There is increasing interest in the use of microwave power for industrial applications. A pulsed tuneable microwave source is beneficial as it allows the high electromagnetic field of a high power to be applied to a target without excessive heating. The free electron maser (FEM) is the tuneable source with ability to operate across a wide range of frequencies from 8 to 20 GHz. Using higher frequencies than the common 2.45 magnetron, increases the fields obtained and also beneficial scaling effects on some applications, such as microwave induced plasmas. The paper presents the basic principles of the FEM system as well as the applications of UV.

Theoretical and experimental results of a compact industrial microwave free electron maser system

The role of microwaves within material technologies has so far been a minor one, this is because the availability of the magnetron source, which can only provide distributed heating, with simple amplitude modulation control.

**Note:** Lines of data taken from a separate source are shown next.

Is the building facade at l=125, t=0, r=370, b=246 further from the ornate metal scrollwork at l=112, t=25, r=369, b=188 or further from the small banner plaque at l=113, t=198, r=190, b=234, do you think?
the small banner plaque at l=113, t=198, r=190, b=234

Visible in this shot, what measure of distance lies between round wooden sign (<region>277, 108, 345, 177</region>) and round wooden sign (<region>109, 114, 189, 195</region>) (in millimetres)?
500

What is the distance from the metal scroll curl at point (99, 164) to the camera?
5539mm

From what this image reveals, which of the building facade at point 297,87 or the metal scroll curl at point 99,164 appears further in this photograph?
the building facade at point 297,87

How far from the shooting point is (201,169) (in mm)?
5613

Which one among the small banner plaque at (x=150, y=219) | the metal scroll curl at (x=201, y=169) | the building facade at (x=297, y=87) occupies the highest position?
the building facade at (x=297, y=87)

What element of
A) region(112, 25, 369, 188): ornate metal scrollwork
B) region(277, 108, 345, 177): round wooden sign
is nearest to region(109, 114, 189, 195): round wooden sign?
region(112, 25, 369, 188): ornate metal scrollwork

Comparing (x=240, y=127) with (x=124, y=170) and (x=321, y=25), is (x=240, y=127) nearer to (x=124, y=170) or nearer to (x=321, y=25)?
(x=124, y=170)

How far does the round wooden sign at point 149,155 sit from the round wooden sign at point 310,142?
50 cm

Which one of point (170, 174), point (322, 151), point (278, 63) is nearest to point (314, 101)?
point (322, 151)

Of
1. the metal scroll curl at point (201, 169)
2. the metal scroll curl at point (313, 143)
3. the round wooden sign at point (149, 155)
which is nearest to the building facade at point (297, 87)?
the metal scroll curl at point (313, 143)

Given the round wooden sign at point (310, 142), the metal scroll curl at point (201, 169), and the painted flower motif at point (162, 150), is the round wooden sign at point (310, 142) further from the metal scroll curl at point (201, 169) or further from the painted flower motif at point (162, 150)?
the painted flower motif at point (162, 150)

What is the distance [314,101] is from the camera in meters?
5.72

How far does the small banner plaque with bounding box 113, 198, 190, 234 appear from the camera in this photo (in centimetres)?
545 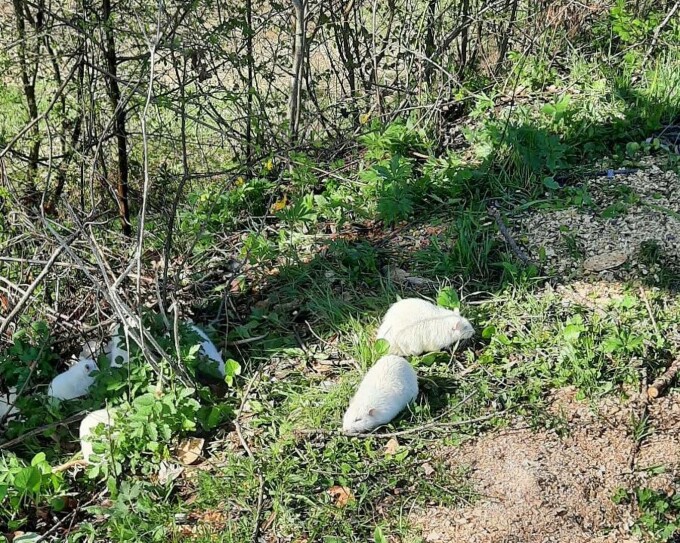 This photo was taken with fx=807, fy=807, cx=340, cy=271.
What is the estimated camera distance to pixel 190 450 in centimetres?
322

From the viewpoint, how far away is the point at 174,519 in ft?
9.51

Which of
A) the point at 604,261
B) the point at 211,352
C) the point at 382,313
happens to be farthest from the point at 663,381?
the point at 211,352

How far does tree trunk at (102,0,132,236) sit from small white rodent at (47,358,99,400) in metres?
1.39

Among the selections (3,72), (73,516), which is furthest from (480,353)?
(3,72)

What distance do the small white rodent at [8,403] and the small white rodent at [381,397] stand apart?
4.71ft

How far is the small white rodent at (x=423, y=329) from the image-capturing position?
3.43 meters

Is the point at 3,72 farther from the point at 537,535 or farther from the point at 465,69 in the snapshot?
the point at 537,535

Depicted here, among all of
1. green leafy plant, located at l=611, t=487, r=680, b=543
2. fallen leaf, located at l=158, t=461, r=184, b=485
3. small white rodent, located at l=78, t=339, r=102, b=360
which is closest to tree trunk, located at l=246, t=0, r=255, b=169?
small white rodent, located at l=78, t=339, r=102, b=360

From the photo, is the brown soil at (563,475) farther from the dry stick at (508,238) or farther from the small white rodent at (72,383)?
the small white rodent at (72,383)

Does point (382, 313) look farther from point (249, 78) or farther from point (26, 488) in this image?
point (249, 78)

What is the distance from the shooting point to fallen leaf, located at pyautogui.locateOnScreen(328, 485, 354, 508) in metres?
2.90

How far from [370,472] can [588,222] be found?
6.30 feet

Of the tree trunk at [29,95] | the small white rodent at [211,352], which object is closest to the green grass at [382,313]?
the small white rodent at [211,352]

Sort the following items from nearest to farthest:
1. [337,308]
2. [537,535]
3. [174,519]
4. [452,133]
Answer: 1. [537,535]
2. [174,519]
3. [337,308]
4. [452,133] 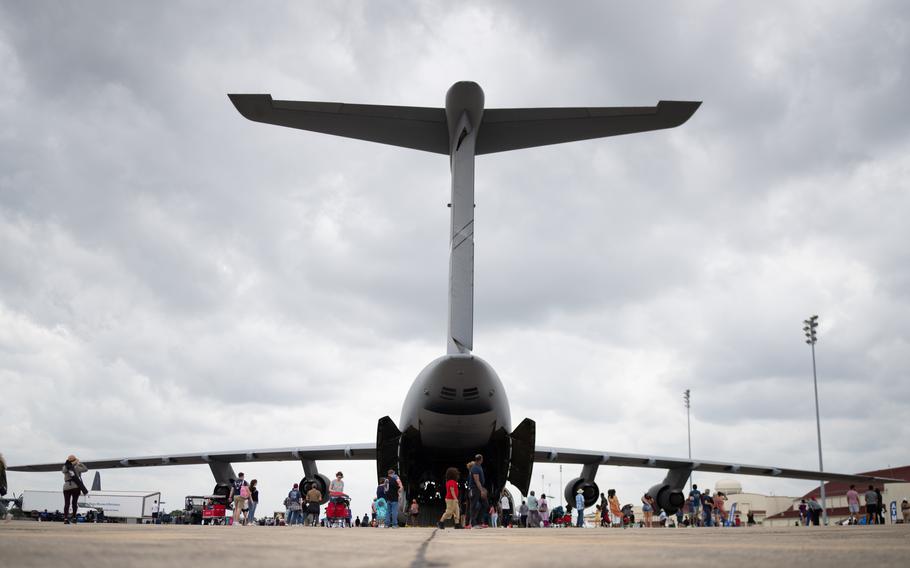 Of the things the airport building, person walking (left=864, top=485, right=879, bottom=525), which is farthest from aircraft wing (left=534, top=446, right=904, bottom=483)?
the airport building

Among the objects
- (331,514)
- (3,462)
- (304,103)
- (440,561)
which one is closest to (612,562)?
(440,561)

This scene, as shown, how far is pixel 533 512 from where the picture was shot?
20516mm

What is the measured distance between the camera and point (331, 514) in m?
16.7

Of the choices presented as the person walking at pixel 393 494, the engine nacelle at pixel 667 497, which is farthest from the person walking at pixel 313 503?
the engine nacelle at pixel 667 497

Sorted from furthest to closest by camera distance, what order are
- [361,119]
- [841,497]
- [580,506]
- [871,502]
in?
[841,497] → [871,502] → [580,506] → [361,119]

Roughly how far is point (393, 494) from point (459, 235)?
5.17 meters

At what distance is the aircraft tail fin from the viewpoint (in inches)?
516

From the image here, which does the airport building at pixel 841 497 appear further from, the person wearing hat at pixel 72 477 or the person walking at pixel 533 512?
the person wearing hat at pixel 72 477

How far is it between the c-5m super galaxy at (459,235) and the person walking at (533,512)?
4183mm

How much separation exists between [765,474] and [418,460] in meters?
12.6

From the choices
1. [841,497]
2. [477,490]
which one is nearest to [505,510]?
[477,490]

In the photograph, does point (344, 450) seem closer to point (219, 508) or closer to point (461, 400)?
point (219, 508)

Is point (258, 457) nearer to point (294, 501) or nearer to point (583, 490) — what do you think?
point (294, 501)

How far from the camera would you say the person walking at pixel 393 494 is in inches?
533
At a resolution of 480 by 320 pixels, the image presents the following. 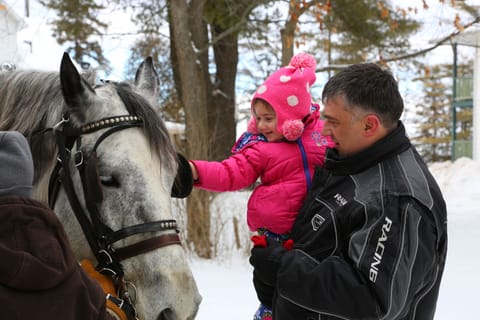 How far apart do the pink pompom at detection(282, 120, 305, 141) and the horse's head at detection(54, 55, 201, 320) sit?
52 cm

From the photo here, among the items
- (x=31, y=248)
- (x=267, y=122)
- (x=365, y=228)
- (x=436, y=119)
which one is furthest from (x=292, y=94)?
(x=436, y=119)

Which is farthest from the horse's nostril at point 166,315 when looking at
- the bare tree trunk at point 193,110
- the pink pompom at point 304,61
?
the bare tree trunk at point 193,110

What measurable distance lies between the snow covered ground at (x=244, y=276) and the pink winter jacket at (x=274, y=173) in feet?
10.2

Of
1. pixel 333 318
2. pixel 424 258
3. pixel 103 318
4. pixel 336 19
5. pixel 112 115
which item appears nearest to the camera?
pixel 103 318

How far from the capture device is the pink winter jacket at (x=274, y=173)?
2111 millimetres

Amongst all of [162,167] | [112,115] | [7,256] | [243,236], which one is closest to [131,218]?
[162,167]

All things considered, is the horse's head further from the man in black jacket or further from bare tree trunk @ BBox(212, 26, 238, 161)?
bare tree trunk @ BBox(212, 26, 238, 161)

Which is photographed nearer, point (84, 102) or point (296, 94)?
point (84, 102)

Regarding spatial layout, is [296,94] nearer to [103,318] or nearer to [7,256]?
[103,318]

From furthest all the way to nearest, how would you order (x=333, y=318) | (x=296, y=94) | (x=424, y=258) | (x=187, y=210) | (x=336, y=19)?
1. (x=336, y=19)
2. (x=187, y=210)
3. (x=296, y=94)
4. (x=333, y=318)
5. (x=424, y=258)

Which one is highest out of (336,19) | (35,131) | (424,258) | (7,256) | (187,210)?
(336,19)

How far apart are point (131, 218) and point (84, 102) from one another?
468mm

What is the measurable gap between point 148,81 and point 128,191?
2.17ft

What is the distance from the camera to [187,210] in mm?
6746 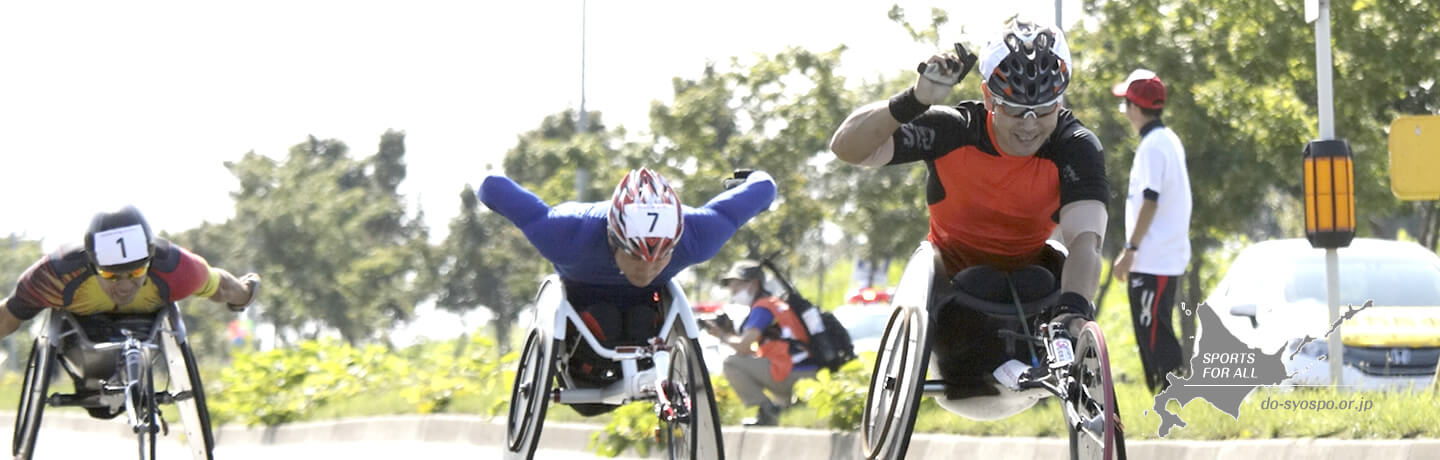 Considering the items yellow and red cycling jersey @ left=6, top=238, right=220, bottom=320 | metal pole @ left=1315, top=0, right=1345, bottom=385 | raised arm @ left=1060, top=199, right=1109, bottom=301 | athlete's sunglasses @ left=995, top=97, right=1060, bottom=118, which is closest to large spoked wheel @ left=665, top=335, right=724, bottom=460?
raised arm @ left=1060, top=199, right=1109, bottom=301

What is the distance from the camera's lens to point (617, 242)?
8.47 m

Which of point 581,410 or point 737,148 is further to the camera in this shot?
point 737,148

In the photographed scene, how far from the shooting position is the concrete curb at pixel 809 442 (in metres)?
8.76

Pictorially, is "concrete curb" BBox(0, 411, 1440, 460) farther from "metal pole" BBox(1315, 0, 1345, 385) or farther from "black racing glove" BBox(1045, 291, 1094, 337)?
"black racing glove" BBox(1045, 291, 1094, 337)

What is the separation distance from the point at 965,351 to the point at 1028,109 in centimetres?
98

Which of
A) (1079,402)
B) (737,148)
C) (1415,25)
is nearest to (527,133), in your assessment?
(737,148)

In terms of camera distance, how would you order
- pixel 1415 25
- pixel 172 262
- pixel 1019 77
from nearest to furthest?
pixel 1019 77
pixel 172 262
pixel 1415 25

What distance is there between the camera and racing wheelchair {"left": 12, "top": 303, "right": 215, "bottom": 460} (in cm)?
968

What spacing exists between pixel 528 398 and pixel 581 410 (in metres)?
0.74

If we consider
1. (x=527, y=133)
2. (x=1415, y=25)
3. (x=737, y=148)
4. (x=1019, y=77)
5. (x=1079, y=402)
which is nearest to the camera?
(x=1079, y=402)

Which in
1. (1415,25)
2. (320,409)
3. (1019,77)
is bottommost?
(320,409)

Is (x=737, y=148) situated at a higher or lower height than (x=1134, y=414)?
higher

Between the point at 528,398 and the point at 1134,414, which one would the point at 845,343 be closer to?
the point at 1134,414

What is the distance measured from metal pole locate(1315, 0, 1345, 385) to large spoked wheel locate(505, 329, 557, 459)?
13.9 ft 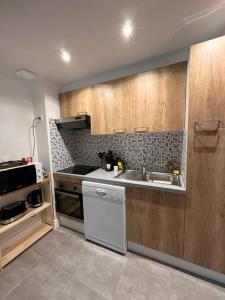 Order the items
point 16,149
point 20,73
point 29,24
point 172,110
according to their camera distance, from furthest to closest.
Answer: point 16,149 → point 20,73 → point 172,110 → point 29,24

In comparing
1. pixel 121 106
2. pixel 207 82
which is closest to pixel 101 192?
pixel 121 106

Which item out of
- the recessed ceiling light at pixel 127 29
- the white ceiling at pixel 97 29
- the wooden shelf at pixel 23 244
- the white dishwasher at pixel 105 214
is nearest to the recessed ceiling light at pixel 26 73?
the white ceiling at pixel 97 29

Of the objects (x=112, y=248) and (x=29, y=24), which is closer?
(x=29, y=24)

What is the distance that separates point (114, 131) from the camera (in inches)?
73.5

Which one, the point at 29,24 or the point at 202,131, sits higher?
the point at 29,24

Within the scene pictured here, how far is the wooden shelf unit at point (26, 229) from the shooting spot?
1683 mm

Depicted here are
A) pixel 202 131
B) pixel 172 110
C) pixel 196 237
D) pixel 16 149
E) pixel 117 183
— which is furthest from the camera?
pixel 16 149

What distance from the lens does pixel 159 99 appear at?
61.2 inches

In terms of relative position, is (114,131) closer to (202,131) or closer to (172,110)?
(172,110)

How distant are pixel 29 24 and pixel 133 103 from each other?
114 cm

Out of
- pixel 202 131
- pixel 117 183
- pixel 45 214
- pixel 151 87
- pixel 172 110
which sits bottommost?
pixel 45 214

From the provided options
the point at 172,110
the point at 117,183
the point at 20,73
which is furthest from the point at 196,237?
the point at 20,73

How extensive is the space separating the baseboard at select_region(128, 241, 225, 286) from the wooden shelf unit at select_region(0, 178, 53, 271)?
1.29 m

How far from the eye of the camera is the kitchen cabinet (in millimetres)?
1478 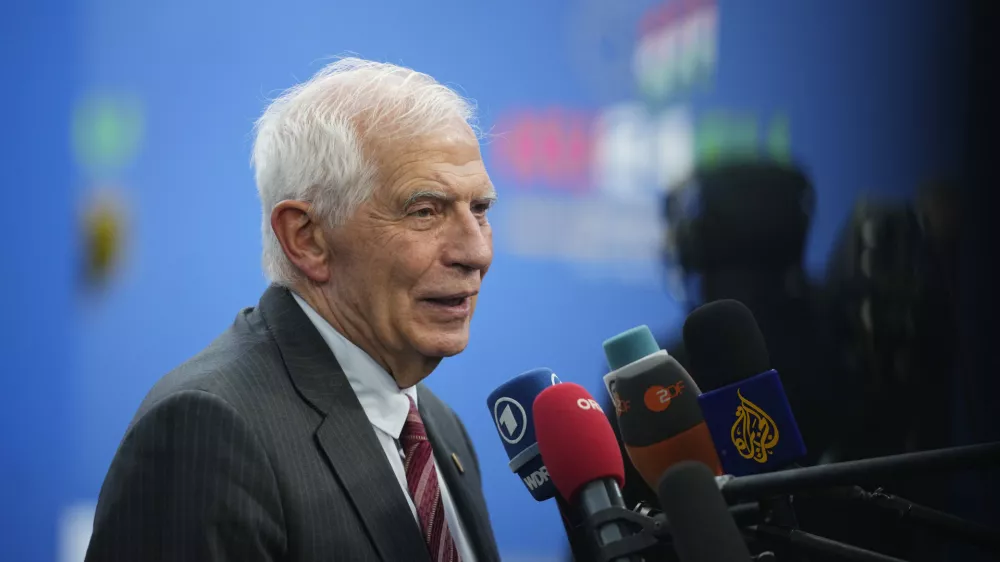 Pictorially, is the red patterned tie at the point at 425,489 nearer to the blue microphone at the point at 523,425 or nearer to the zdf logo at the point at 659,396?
the blue microphone at the point at 523,425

However, we have designed a tunable source, industrial free electron maser (IFEM), which provides sufficient pulsed peak power for various applications, in material processing. This requires focused microwave power, similar to a laser beam, to achieve high power density. In this paper, the theoretical results of the interaction region will be explained as well as the principal of operation and IFEM system set-up. The design and construction of the system main components including electron gun, wiggler magnet, cavity resonator and energy recovery section are reported. Results of the effective industrial use of IFEM to enable striking and maintaining low-pressure plasmas and sufficient average power to perform experiments using germicidal UV and ozone generating lamps are described.